Letter from Howard Staiman, Stuart
It's interesting that guest columnist Michael Fort ("Retire provincial attitudes; think about great future, July 27) considers anyone who opposes the All Aboard Florida express rail project "hicks, shortsighted, and ridiculous." This is an old debate trick; if you haven't a winning argument, denigrate and belittle the other side.
The guest columnist provides no basis or facts to support his assertion that AAF will create statewide economic benefits. Nor does he provide backup for his claim that there are 50 million trips a year between Orlando and Miami, or how many such travelers would ride AAF. Basically, all he has done is present a rosy pie in the sky without any substance.
The writer fails to point out that there has never been a profitable express rail project in the United States (consider Amtrak and BART); or elsewhere in the world that doesn't require a continuing infusion of government funding to operate.
Furthermore, he fails to note that AAF recently had a bond offering in the public market where it had to offer the prospective purchasers a 12 percent interest rate as inducement to sell these bonds. A bond with a 12 percent interest rate is commonly known as a "junk" bond. If AAF has such wonderful prospects, why did the investors require such an excessive interest rate?

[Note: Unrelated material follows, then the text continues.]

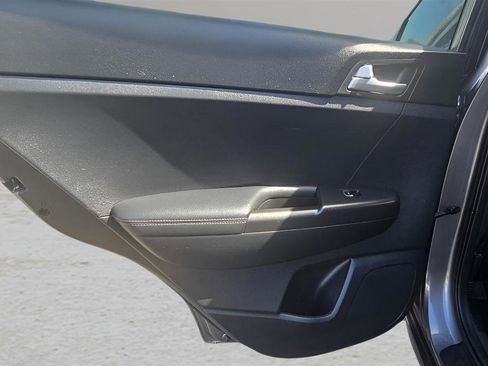 Used 2017 Kia Sportage LX image 15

One final point: AAF has not been forthcoming in dealing with the public. As an example, when asked for the backup information for its request to the Federal Railroad Administration for a $1.5 billion loan, AAF filed a lawsuit claiming the information was a trade secret. Can someone explain to me how a corporation that doesn't engage in a trade or business; has no income and won't have any for several years has a protectable trade secret?